Tony gave one clap of his hands and addressed the group, "I propose leaving the metallic moron and his metal minions here for Shield to stumble upon while we go eat. All in favour of pizza?"
Both of Clint's arms shot into the air in favour, coming down only long enough to yank Bucky's metal arm up alongside his. Steve opened his mouth to intercede, but Tony cut him off, "Cap, you lost your vote when you used a bad-language word two days ago. Remember that? Something along the lines of the Red Sox going to Hell. So crude. So vulgar. You have a problem and forcing you to eat pizza and avoid a Shield debriefing is the only way I know how to get through to you." At this he put his hand on Steve's shoulder and in earnest stated, "My name is Tony and this is an intervention so prepare to be intervened."
Steve still looked like he was going to object so Natasha uttered something in Russian. In response, Bucky looked at Steve and laid it on thick with his best brooklyn accent,
"Come on, Stevie. We can go to that joint in Brooklyn we used to go to when we were kids. Two blocks down from Mrs. Carol's place. Remember we went on a double date with Stacey and that redhead? Talk about gams for days." Steve rolled his eyes, knowing exactly what his bestfriend was doing.
"You're a jerk and that accent is shit."
Bucky smirked at him while Tony gasped in the background and grabbed his chest, 'Steven! I never!'.
"And you're a punk. Pizza?"
Steve swung his arm around Bucky's shoulder and started walking, "That place is closed now, my date's name wasn't Stacey, it was Susan, and you should remember the redhead's name, Buck - she was your date."
Bucky shrugged, "As far as my memory is concerned, she was literally a pair of gorgeous legs growing out of a head of beautiful red hair with lips like octopus suckers."
Bucky's hair flew forward as Steve knocked him upside the back of his head. "Real classy, James. Imagine if Patty's grandchildren could hear you (your date's name, by the way)."
Bucky ducked Steve's hand again as he cackled, "Think any of her granddaughters inherited her deep-sea mouth?"
"Bucky!"
The group made their way towards where Happy was parked in an SUV. Tony had called him as soon as he had taken out his last doom bot and was hankering for pizza. Happy had just hopped out to greet them when the screams began.
Steve turned towards Tony, who spoke before Steve could, "I'm on it!" Tony immediately flew off in the direction of the screams, "I'll let you know what's happening." The rest of the team followed on foot; Steve and Bucky tore down the street much faster than the others.

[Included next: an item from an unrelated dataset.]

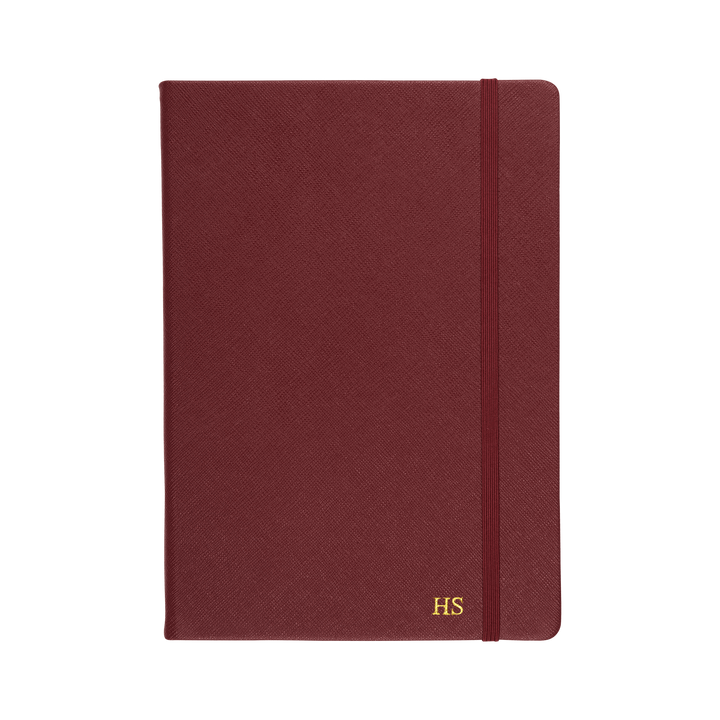 Burgundy - A5 Saffiano Notebook - THEIMPRINT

As Tony approached the pandemonium a few blocks away, people were fleeing in the opposite direction - away from what appeared to be a random guy in a red, white, and blue tracksuit just standing still and laughing maniacally.
"J, what's the deal? Alien? Mutant? Good old fashioned psychopath?"
Jarvis took a second to assess, "He appears to be completely human, Sir, and unarmed."
"Yay, psycho for the win!"
"Hooray." Jarvis' dryly supplied, "Nonetheless, may I suggest caution being exercised going forward."
Tony landed about 20 feet behind the man, "Caution is only good for throwing at aggressive air, J. Have you learned nothing?"
Jarvis didn't deign to respond and Tony could practically feel the A.I.'s disapproval as he took a few steps towards the crazy who had yet to notice Tony's presence.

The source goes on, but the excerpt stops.